WORK TO BE COMPLETED: When the data below is printed, every line must match exactly and the images must be absent.

(Collected data)

Segment Open

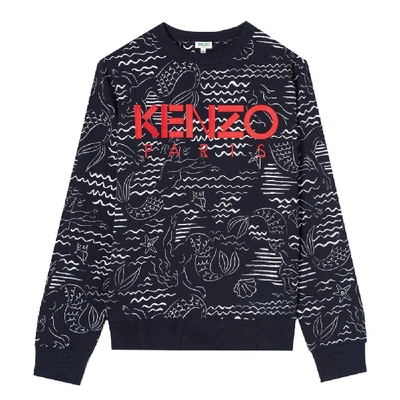 Shop Kenzo Paris Mermaids Sweater In Navy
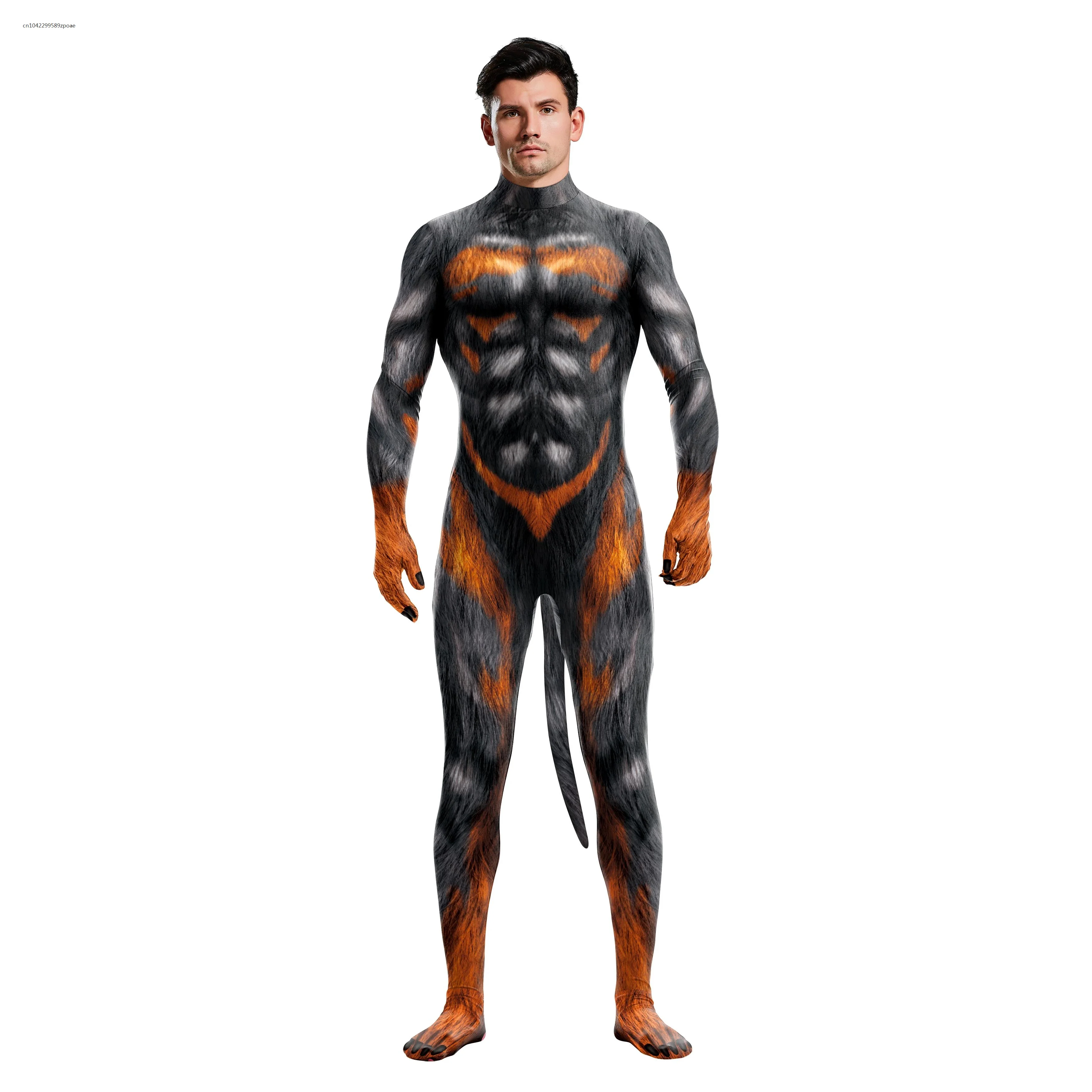 Cosplay Dier Wolf Print Paar Kostuum Met Staart Kruis Rits Halloween Feest Cosplay Outfit Vermomming Zentai Bodysuit Catsuit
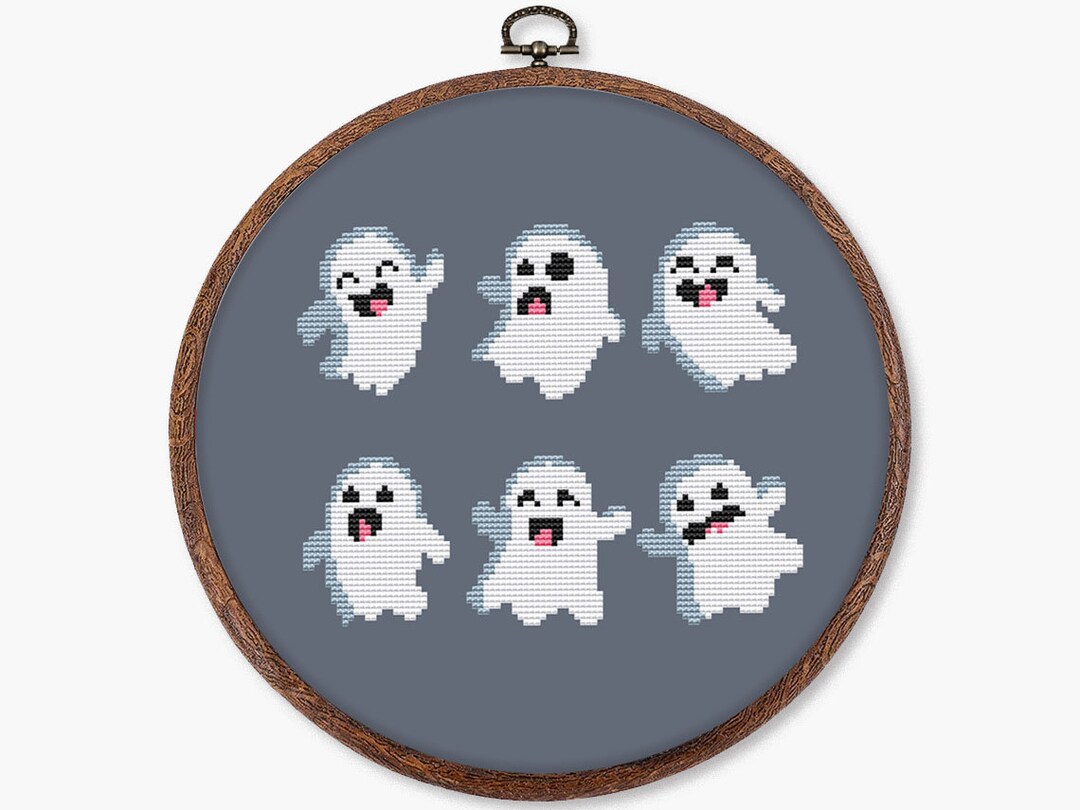 Ghost Stitching Pattern Cute Ghost Cross Stitch Pattern PDF Digital Download Halloween Easy ...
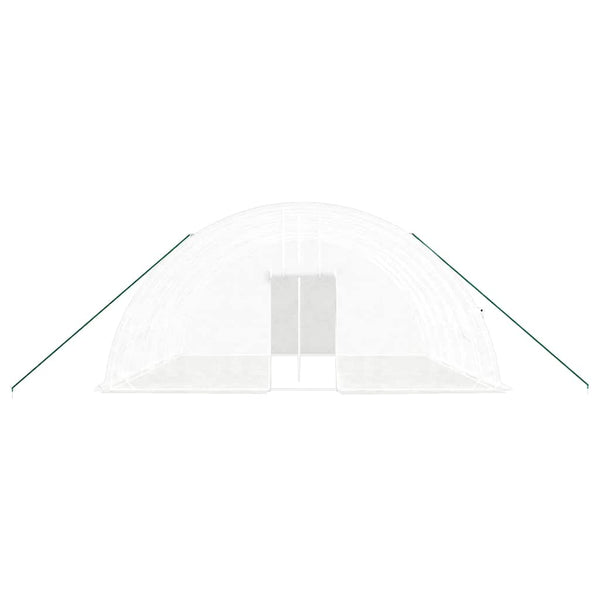 Weißes Gewächshaus mit Stahlrahmen, 36 m²
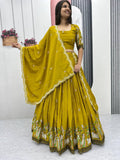 Teeya Creation Mustard Color Chinon Silk Heavy Embroidery Work Fully Stitched Lehenga Choli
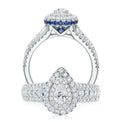 Vera Wang Love 18ct White Gold Pear & Round Cut with 1 Carat tw of Diamonds Ring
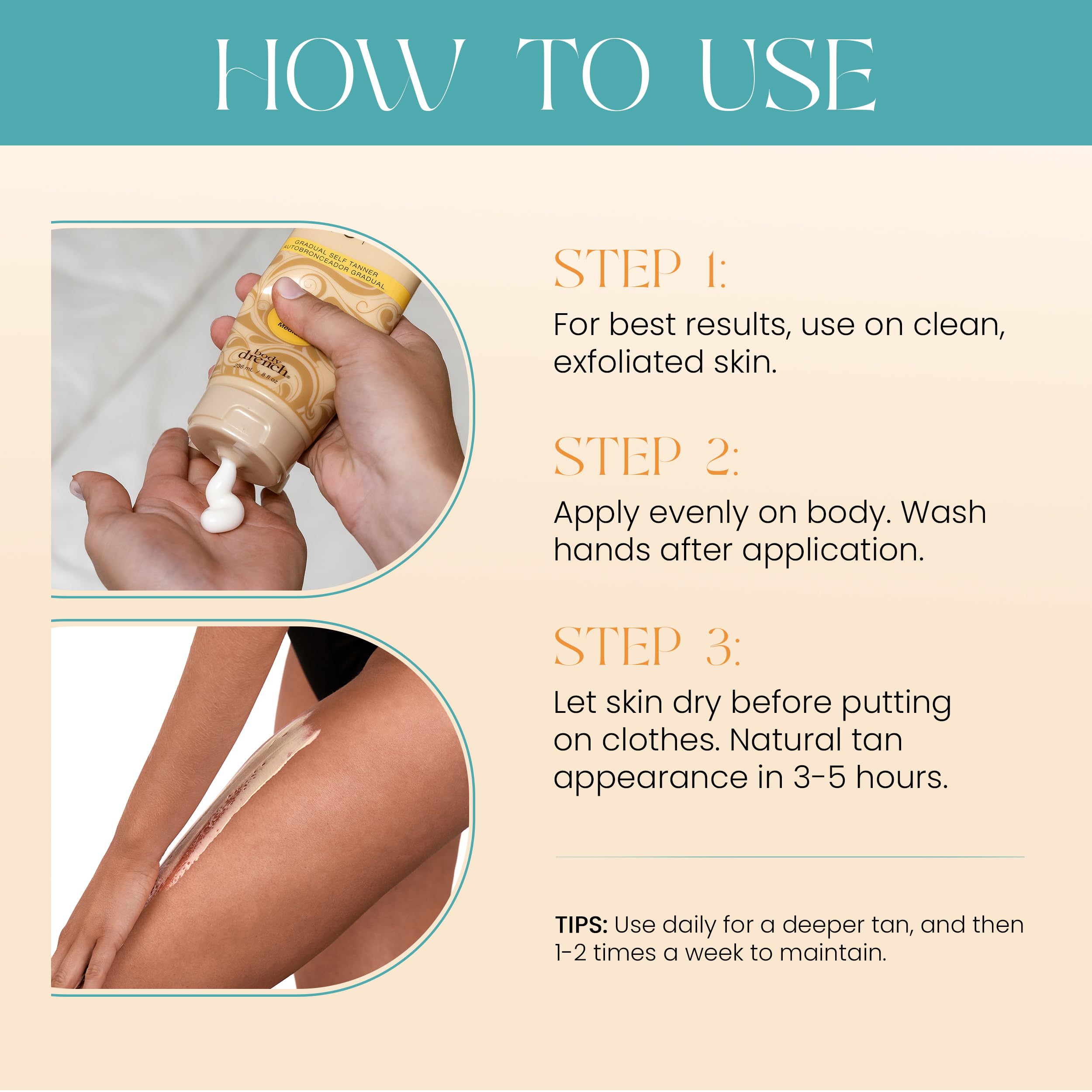 Body Drench Quick Tan tono natural bronceado en piel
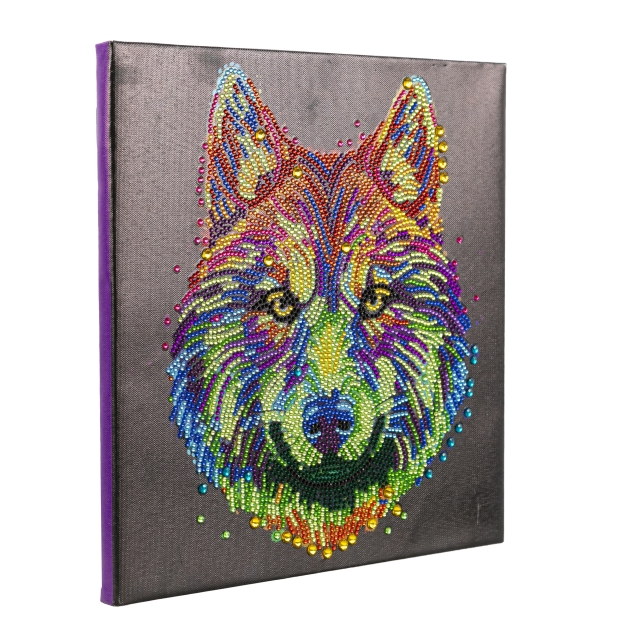 Craft Buddy CAK-A187M Framed Crystal Art Holzrahmen Colourful Wolfe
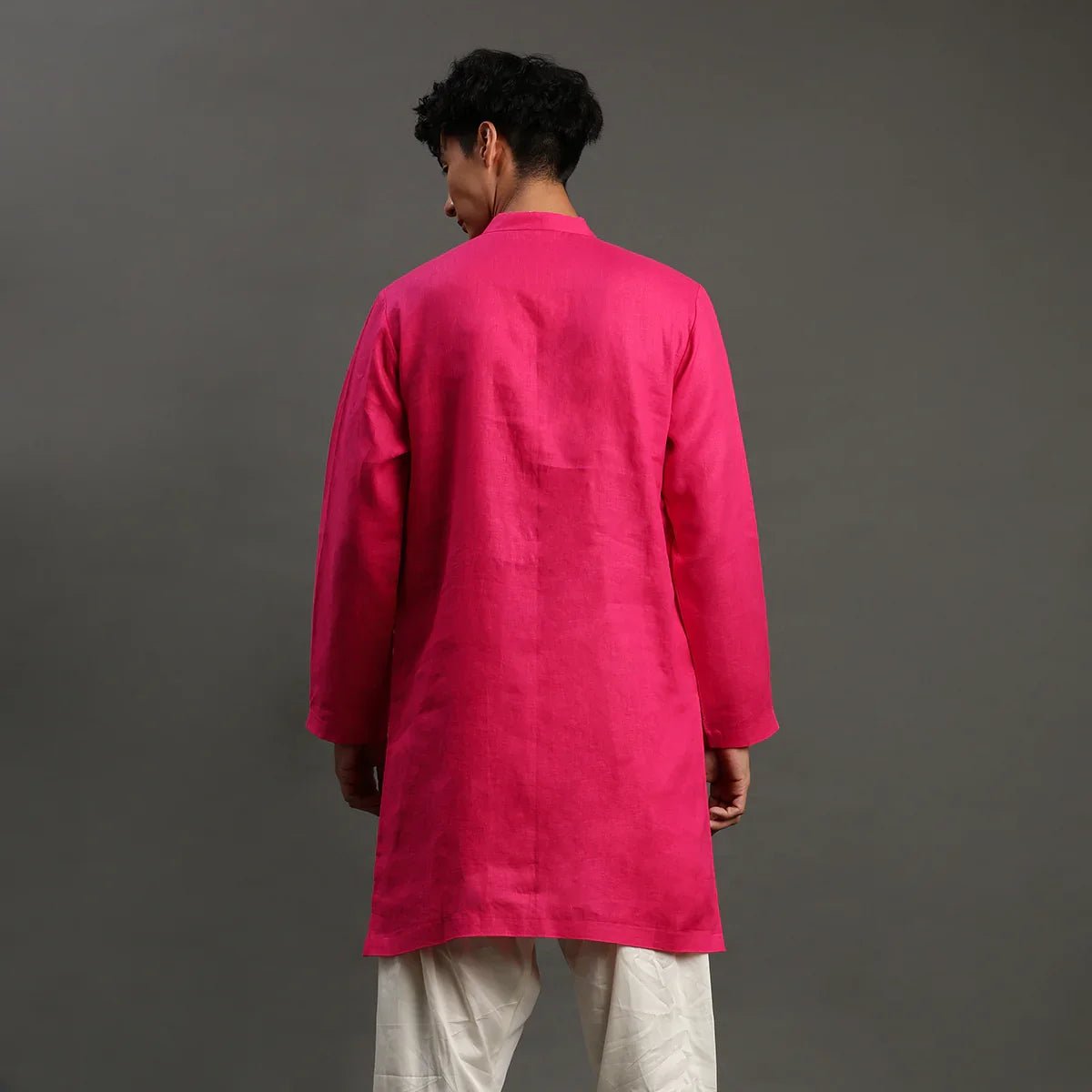 Fuchsia Pink Linen Kurta Pyjama Set for Men - BYB PREMIUM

Segment Closed

WORKED SOLUTION:
 Shop Kenzo Paris Mermaids Sweater In Navy
 Cosplay Dier Wolf Print Paar Kostuum Met Staart Kruis Rits Halloween Feest Cosplay Outfit Vermomming Zentai Bodysuit Catsuit
 Ghost Stitching Pattern Cute Ghost Cross Stitch Pattern PDF Digital Download Halloween Easy ...
 Weißes Gewächshaus mit Stahlrahmen, 36 m²
 Teeya Creation Mustard Color Chinon Silk Heavy Embroidery Work Fully Stitched Lehenga Choli
 Vera Wang Love 18ct White Gold Pear & Round Cut with 1 Carat tw of Diamonds Ring
 Body Drench Quick Tan tono natural bronceado en piel
 Craft Buddy CAK-A187M Framed Crystal Art Holzrahmen Colourful Wolfe
 Fuchsia Pink Linen Kurta Pyjama Set for Men - BYB PREMIUM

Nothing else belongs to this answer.